Location: Montaña de Oro State Park
Exif: f/8.0, 24mm, 105 sec, ISO 64

Shooting sunsets is usually a race against time, stick a 10 stop ND filter in front of your lens and you have even less room for error and time to execute. That perfect light lasted long enough to get 2, may be 2 shots. That’s it.

The making

We got to this spot in the morning and decided where we wanted to watch the sunset from. This made sure that we didn’t run around looking for a good spot when the sun was setting (been there, done that). I always thought location scouting was a serious affair and took the fun out of it, but boy I was I wrong. Picking a spot ahead of time made a huge difference.

The shot

I’m obsessed with getting that perfect creamy texture of water in my photographs. So, to make this shot, I had two options:

  1. Wait for the sun to set and hope that a larger f value and lower ISO will give me a long enough exposure, or
  2. Use a ND filter and get the water the way I want while the sun sets

Yes, the sky won’t be the same in both those shots, but I wasn’t worried so much about the sky, my focus was water.
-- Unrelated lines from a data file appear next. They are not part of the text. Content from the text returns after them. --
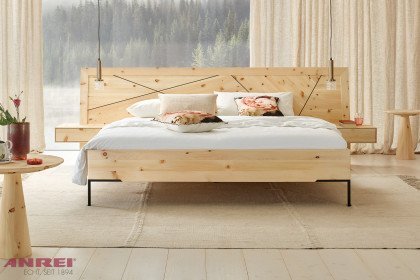 Leno von ANREI - Bett mit Ladenkonsolen aus Zirbenholz natur geölt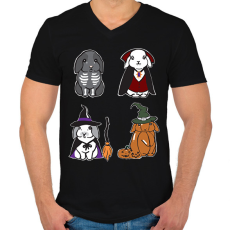 PRINTFASHION halloween nyuszik - Férfi V-nyakú póló - Fekete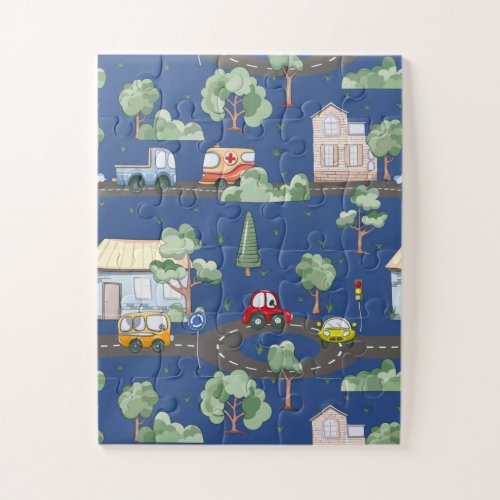 Cute Cars in Town Pattern for Little Boys Blue Jigsaw Puzzle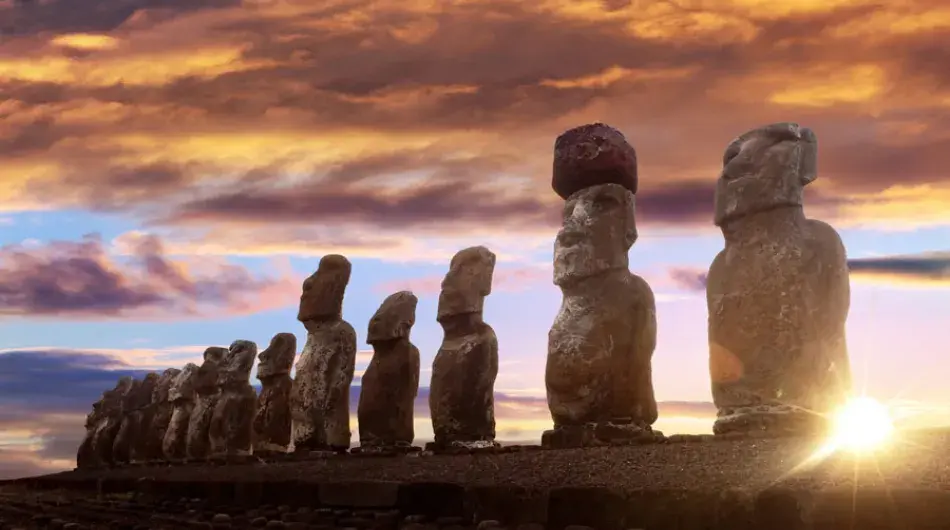 Moai Statues at sunset on Easter Island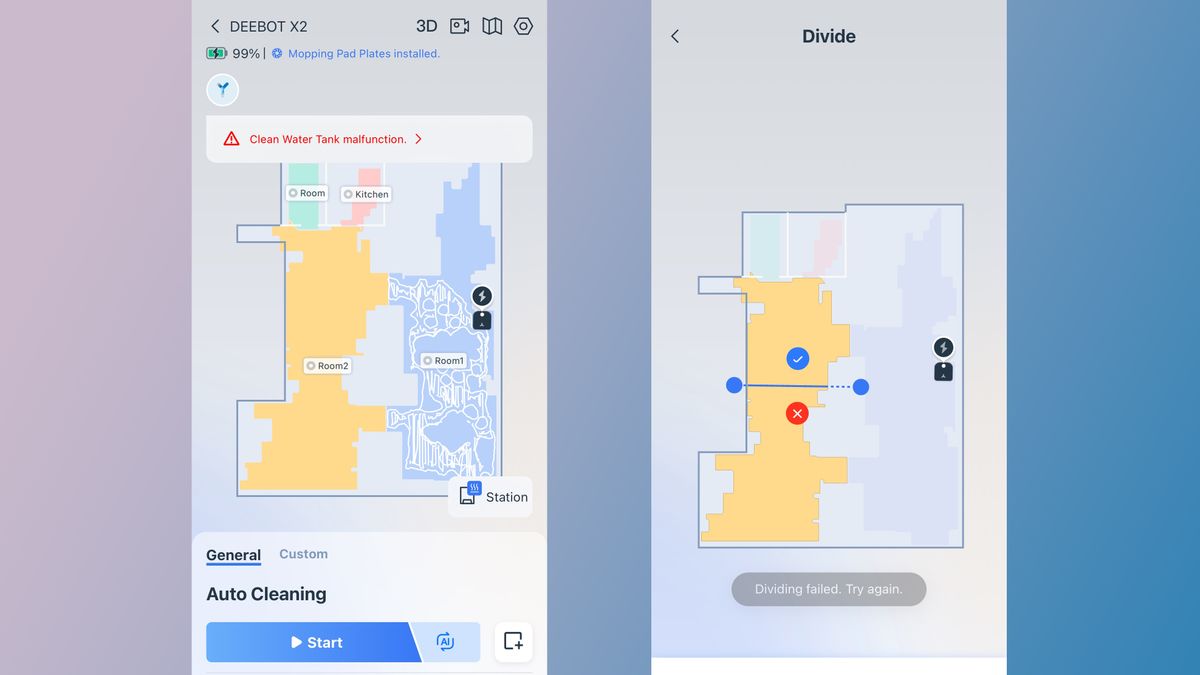 Mapping tool in the Ecovacs Deebot X2 Omni robot vacuum app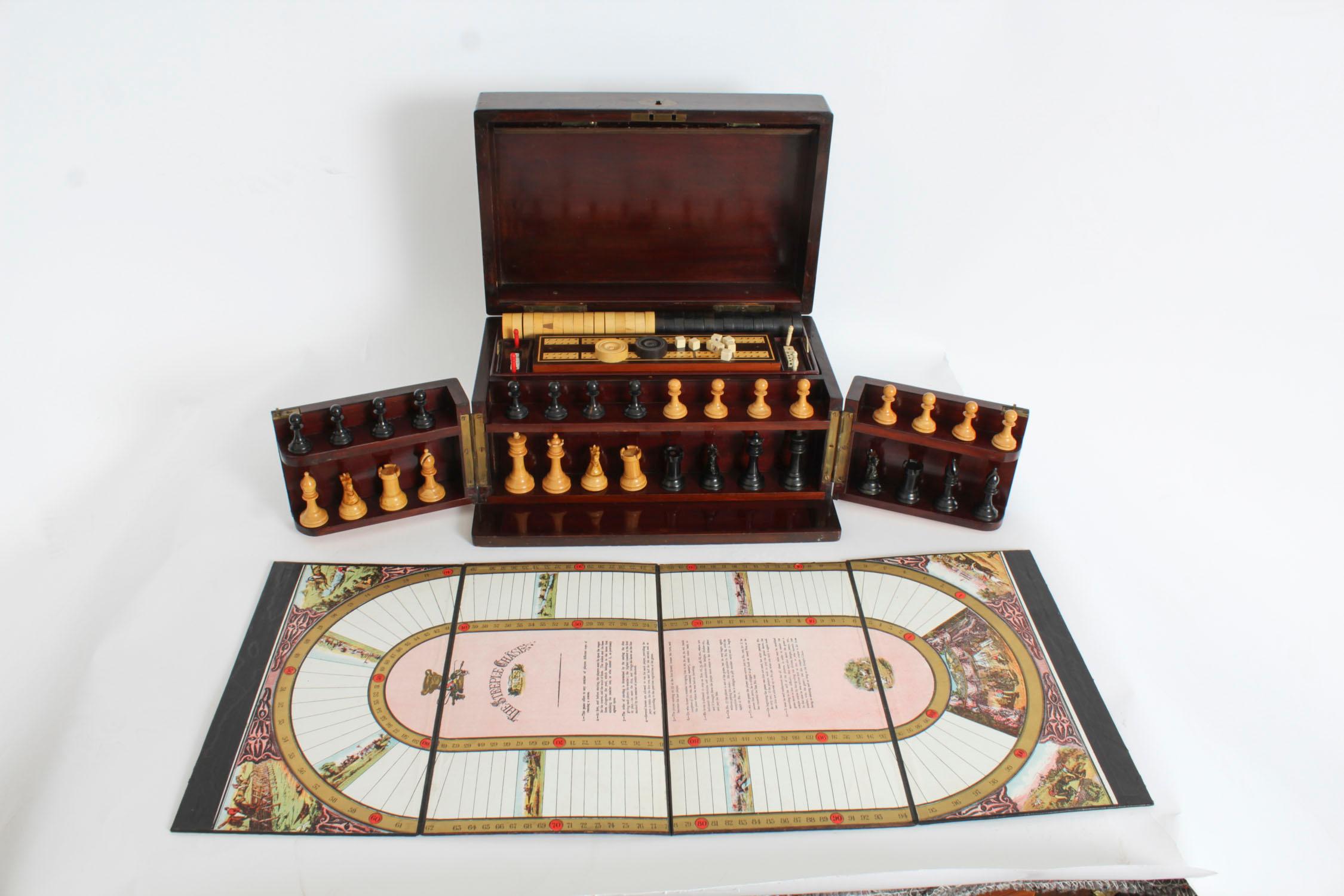 Antique Victorian Fully Fitted Games Compendium Chess Draughts Etc 19th Century For Sale 5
Get the water near perfect and live with whatever color the sky is at that time (hint: it’s always breathtaking).

I love shooting long exposures. Every long exposure photograph takes time, time that I can spend looking at the scene, without looking through the viewfinder. It makes me work hard to compose a frame and get all the technical bits right before I set off on a 2 or 5 min exposure.